L’érudition curieuse aurait beau jeu à étudier les Contes bruns, si quelque circonstance inattendue leur donnait la même importance qu’au requiem de Mozart. Mais les indiscrétions volontaires de l’éditeur ont mis d’avance la critique sur les traces de la vérité. Le secret de la comédie a été si mal gardé, qu’on sait aujourd’hui la signature de tous ces contes, mieux et plus sûrement peut-être que s’ils étaient signés.

Et puis, quand les conversations ne seraient pas venues en aide à la patience de l’analyse, il n’eût pas fallu vraiment une pénétration bien vive et bien sagace pour deviner la valeur de ces inconnues : à la seconde ligne de l’équation le problème aurait été résolu.

Dans une conversation entre onze heures et minuit, et le grand d’Espagne, on reconnaît sans peine le conteur en titre des revues, qui ne rappelle jamais, même lointainement le Mateo Falcone, Tamango, ni le Curé de Bereinx ou les Souvenirs militaires de Hanau ; mais à qui on ne peut contester une habileté positive à exciter l’intérêt, à serrer les chaises sous le manteau de la cheminée. À vrai dire, le talent de l’auteur de Sarrasine sent l’opium, le punch et le café ; rarement son imagination ressemble à la poésie. Il ne soupçonne pas les plus simples secrets du style, mais il sait son métier. Il sait faire un conte comme on sait faire un habit ou une maison. Quand il rencontre une donnée, il la mène à bout et l’épuise comme font les cochers de fiacre ou de cabriolet d’un cheval qu’ils achètent pour l’achever. Son art que je ne veux pas nier n’a peut-être pas d’existence littéraire ; jusqu’à présent le succès l’absout.

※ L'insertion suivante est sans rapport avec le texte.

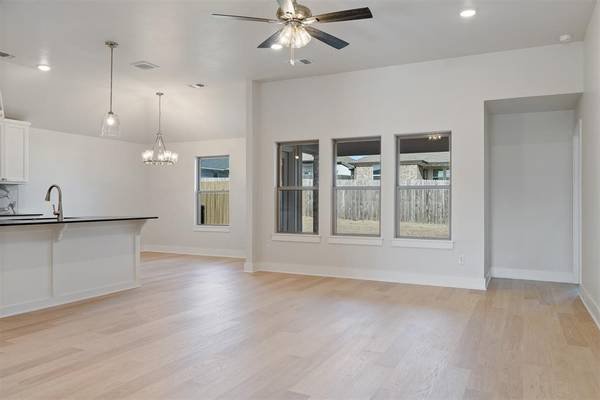 280 Woodrock ST, Harrah, OK 73045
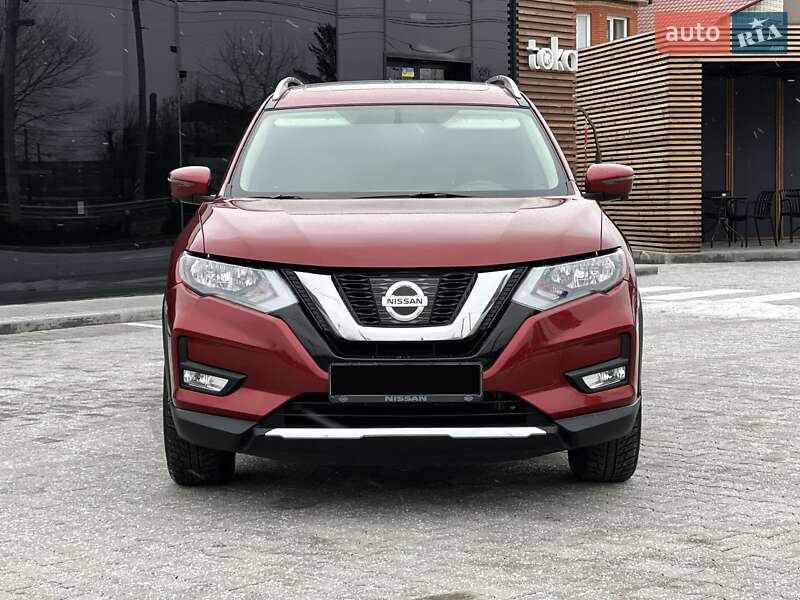 Внедорожник / Кроссовер Nissan Rogue 2018 в Виннице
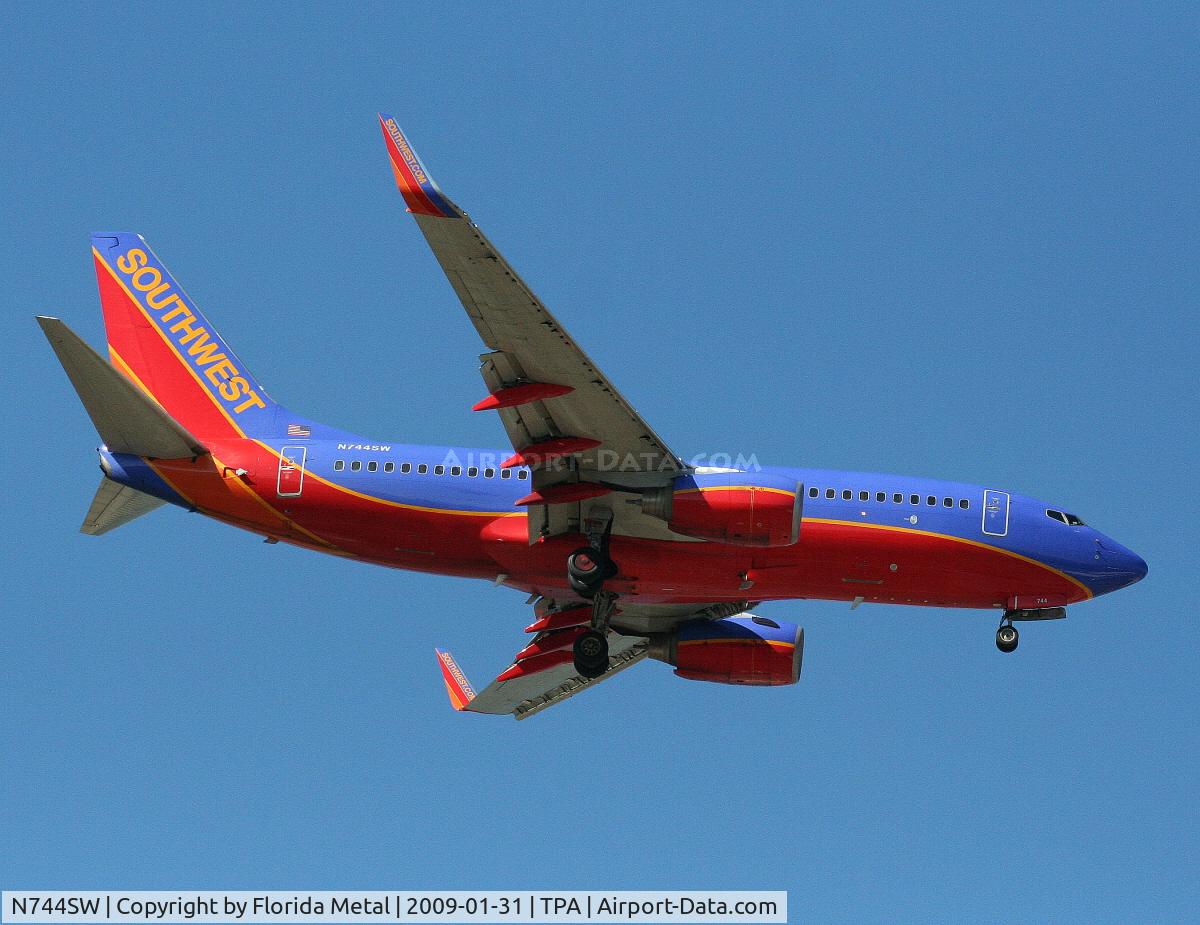 N744SW, 1999 Boeing 737-7H4 C/N 29490, Southwest 737-700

Les deux morceaux que nous avons nommés ont tous les défauts et toutes les qualités de l’auteur : seulement je dois dire que, dans le Grand d’Espagne, j’ai éprouvé plus de dégoût que de terreur, en lisant les détails de l’accouchement.

L’Œil sans paupières me semble une maladroite copie de Tam O’Shanter, mais on dirait que la ballade de Burns a été corrigée, tamisée, criblée, triée, épluchée, par un comité académique, composé de MM. Suard, Laharpe et Morellet. Une bonne Fortune est un conte intéressant, mais où l’intérêt est quelque peu entamé par le luxe emphatique des paroles. Les mots égorgent les idées. Les trois Sœurs sont une pâle élégie.

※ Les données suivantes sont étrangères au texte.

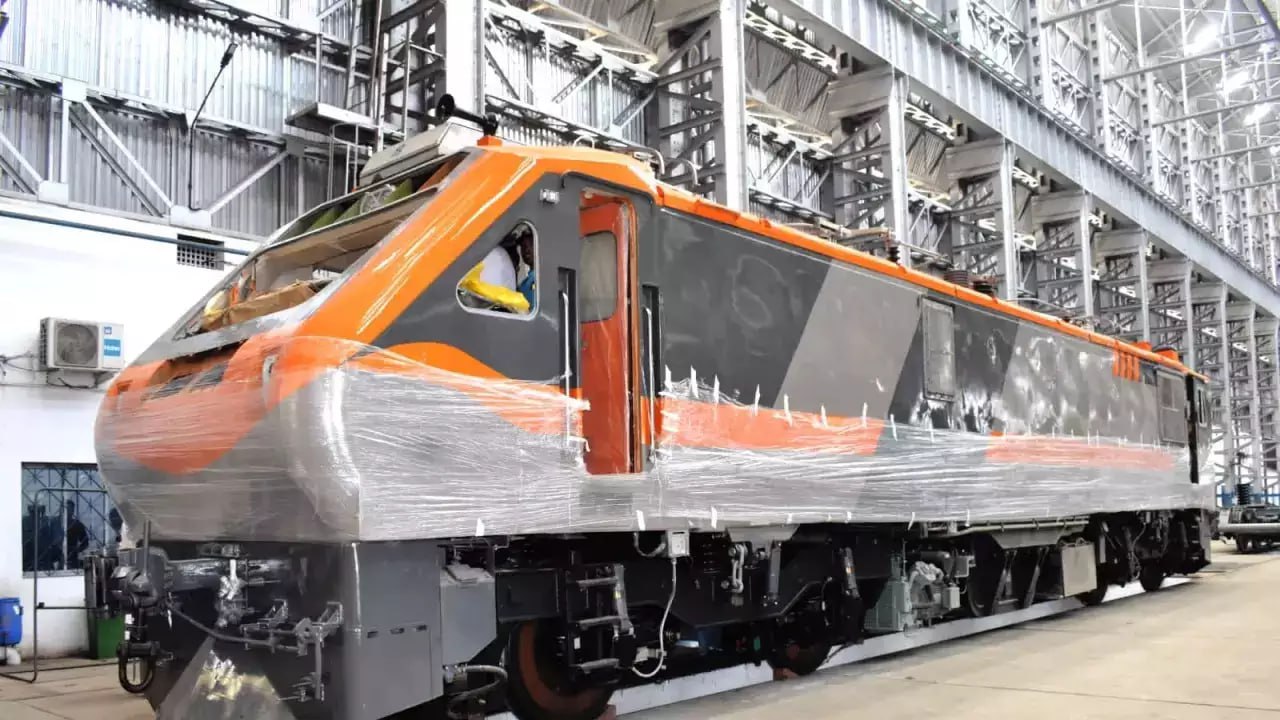 A 4.4 MW single-cab electric locomotive for push-pull trains of Indian Railways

Je ne veux rien dire de Sara la Danseuse, des Regrets et de la Fosse de l’Avare. De telles pages sont au-dessous de la critique. Ce n’est pas même ennuyeux ou mauvais : c’est tout simplement nul et plat.

Tobias Guarnerius est un calque laborieux et obscur du Violon de Crémone.

Les Contes bruns, valent mieux que bien des livres auxquels on a fait un succès.

La Tête à l’envers, dessinée par Johannot, est bien inventée, mais la gravure de Thompson est d’une mollesse désespérante. Je m’assure que le dessin ne devait guère ressembler à l’épreuve que nous en avons.